Work instructions: The response should contain all of the data below, reproduced exactly, and no pictures.

Data provided:
━━━━━━━━━━━━━━━━

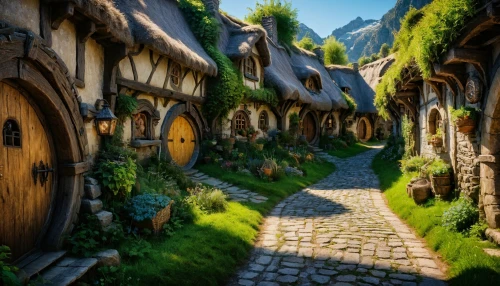 alpine village,hobbiton,fairy village,knight village,hobbit,aurora village,mountain village,druid grove,medieval street,escher village,villages,mountain settlement,dwarves,northrend,wooden houses,popeye village,medieval town,scandia gnomes,elves,fantasy landscape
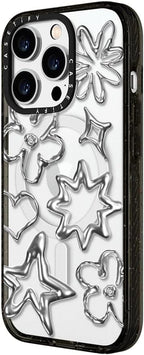 CASETiFY Impact iPhone 15 Pro Case [4X Military Grade Drop Tested / 8.2ft Drop Protection/Compatible with Magsafe] Chrome Doodles - Clear Black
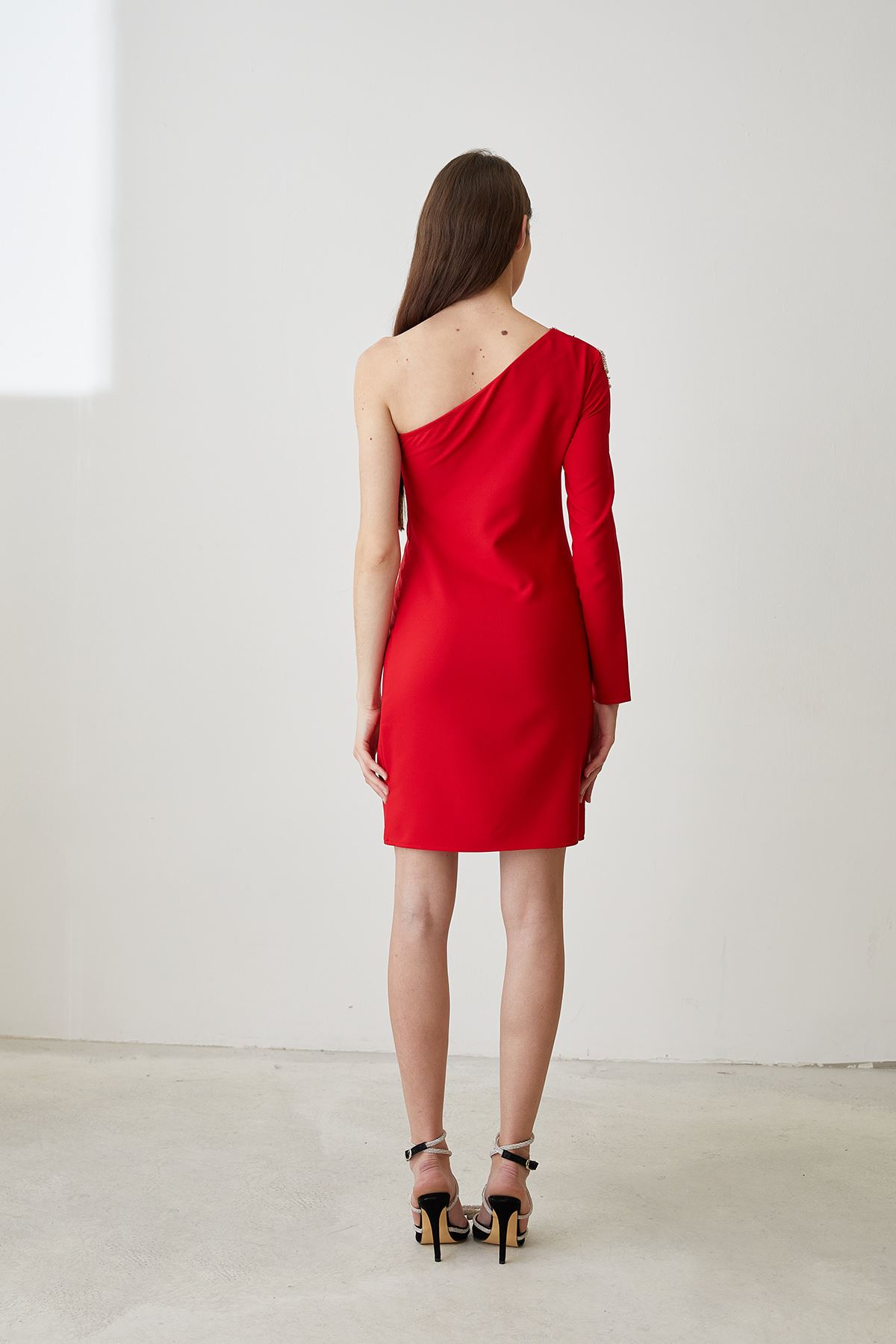 Taş Detay Elbise-Kırmızı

━━━━━━━━━━━━━━━━

Result for this task:
 alpine village,hobbiton,fairy village,knight village,hobbit,aurora village,mountain village,druid grove,medieval street,escher village,villages,mountain settlement,dwarves,northrend,wooden houses,popeye village,medieval town,scandia gnomes,elves,fantasy landscape
 CASETiFY Impact iPhone 15 Pro Case [4X Military Grade Drop Tested / 8.2ft Drop Protection/Compatible with Magsafe] Chrome Doodles - Clear Black
 Taş Detay Elbise-Kırmızı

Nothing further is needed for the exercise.